UN Wire
Tuesday, July 22, 2003
http://www.unwire.org/UNWire/20030722/449_6821.asp
Few Latin American States On Track For Millennium Goals
Just seven of 18 countries in Latin America could cut extreme poverty in
half by 2015 ? a key target of the Millennium Development Goals agreed to
by U.N members in 2000 ? without significant reforms, according to a report
by the Economic Commission for Latin America and the Caribbean, the United
Nations Development Program and Brazil's Institute for Applied Economic
Research.
According to the report, Meeting the Millennium Poverty Reduction Targets
in Latin America and the Caribbean, Chile, Colombia, Honduras, Panama, the
Dominican Republic and Uruguay could achieve this goal if economic growth
and reductions to inequalities continue at the same pace as in the 1990s.
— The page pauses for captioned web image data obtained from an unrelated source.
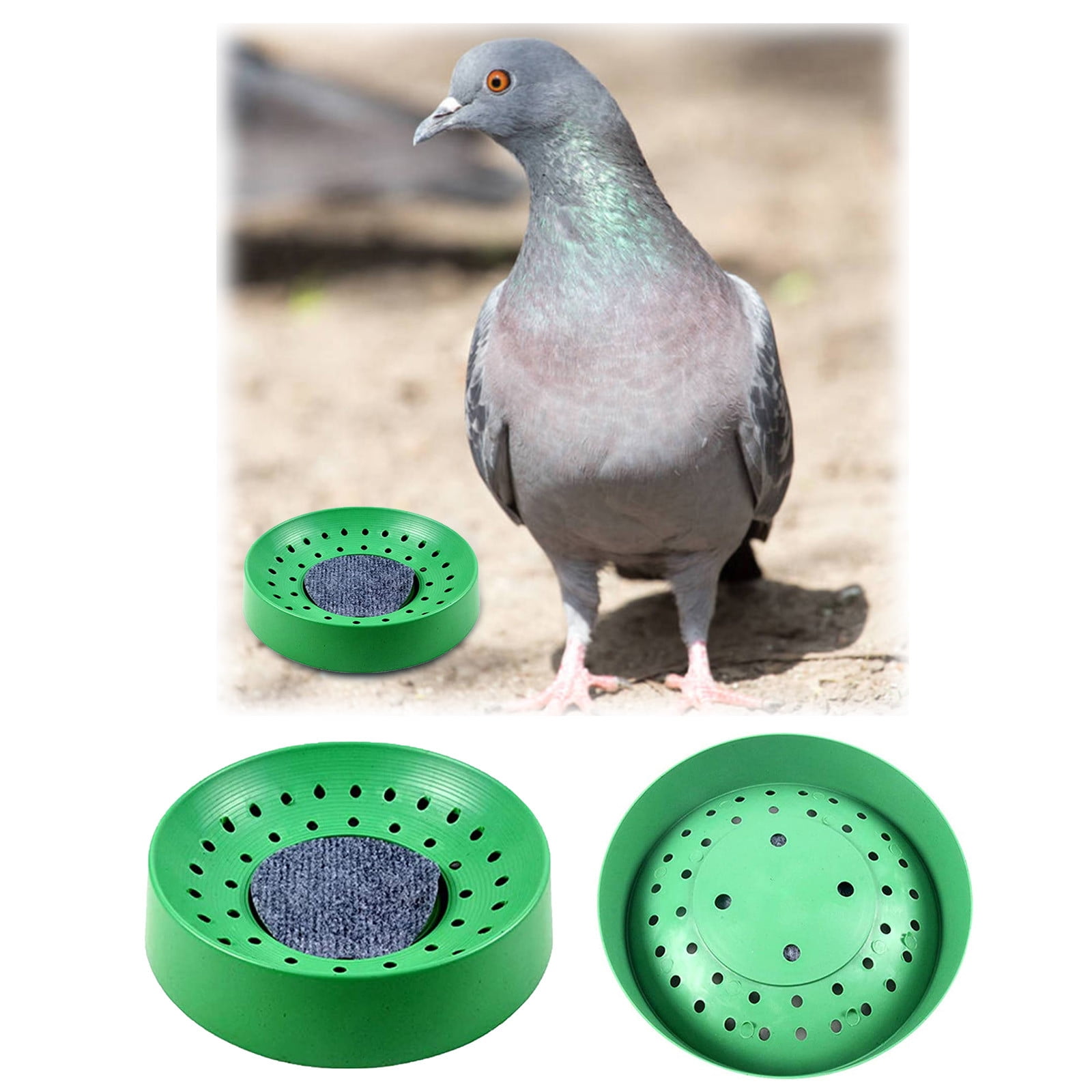Nesting Bird Dish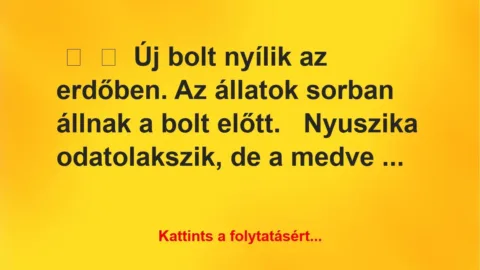 Vicc:
Új bolt nyílik az erdőben. Az állatok sorban állnak a bolt … Vicc:
Új bolt nyílik az erdőben. Az állatok sorban állnak a bolt …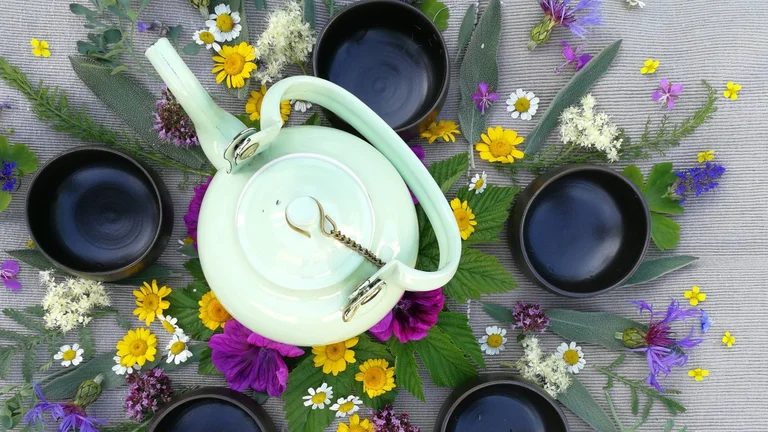 Engage all your senses during the Herbal Experience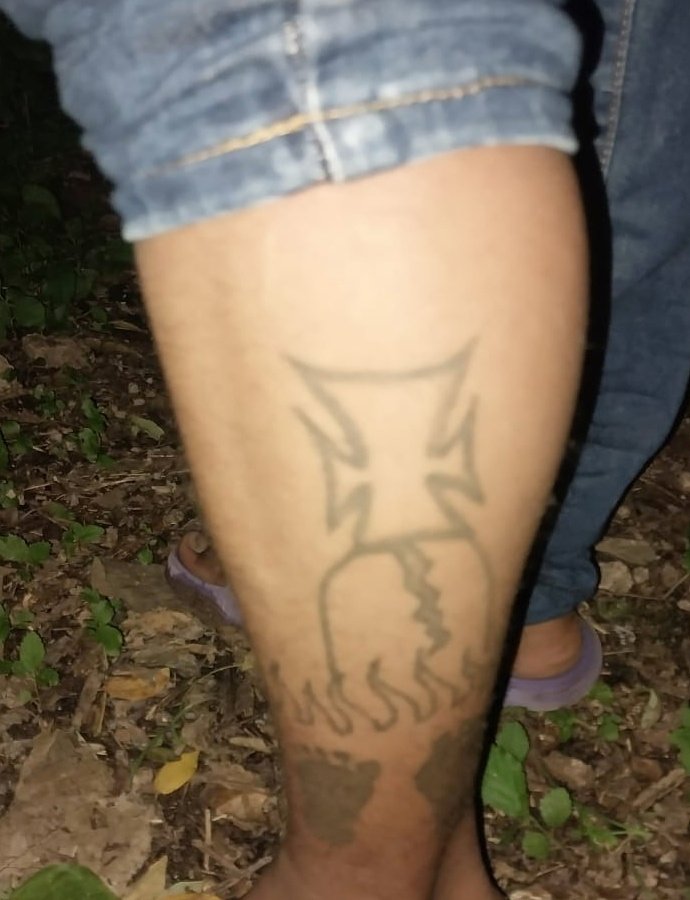 FUERZA ARMADA tweet media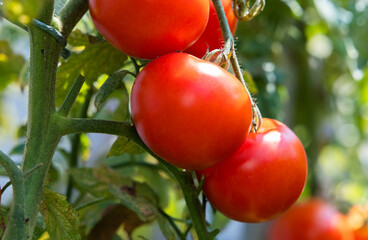 Growth ripe tomato in greenhouse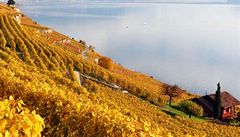 Vinice v Lavaux, šplhající po terasách kolem Ženevského jezera, patří ke světovému dědictví UNESCO.  | na serveru Lidovky.cz | aktuální zprávy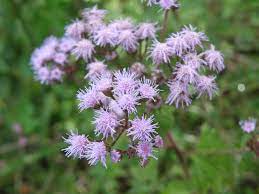 Flower Friday Mistflower Florida Wildflower Foundation Wild Flowers Flowers Wild Plants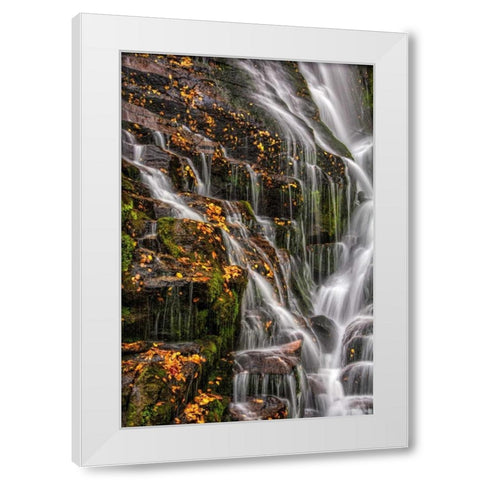 North Carolina, Brevard Waterfall in DuPont SF White Modern Wood Framed Art Print by OBrien, Jay
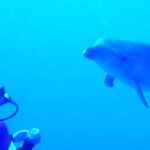Un tursiope si avvicina di fronte a un sub immobile, in un'acqua di un blu intenso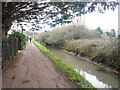 Taunton : Footpath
Argentina would also have been on target to reach the goal, if not for its
recent economic crisis.
The study found that by reducing the Gini index ? which measures income
concentration ? by a couple of points, most of the countries studied would
achieve the same reduction in poverty as would result from many years of
economic growth. If conditions from the past decade remained the same, the
report said, extreme poverty in Brazil, Costa Rica, El Salvador, Guatemala,
Mexico and Nicaragua would decline slowly. However, without a significant
change in conditions, poverty levels would rise in Bolivia, Ecuador,
Paraguay, Peru and Venezuela due to either increased inequality, declining
income or both (ECLAC release, July 21).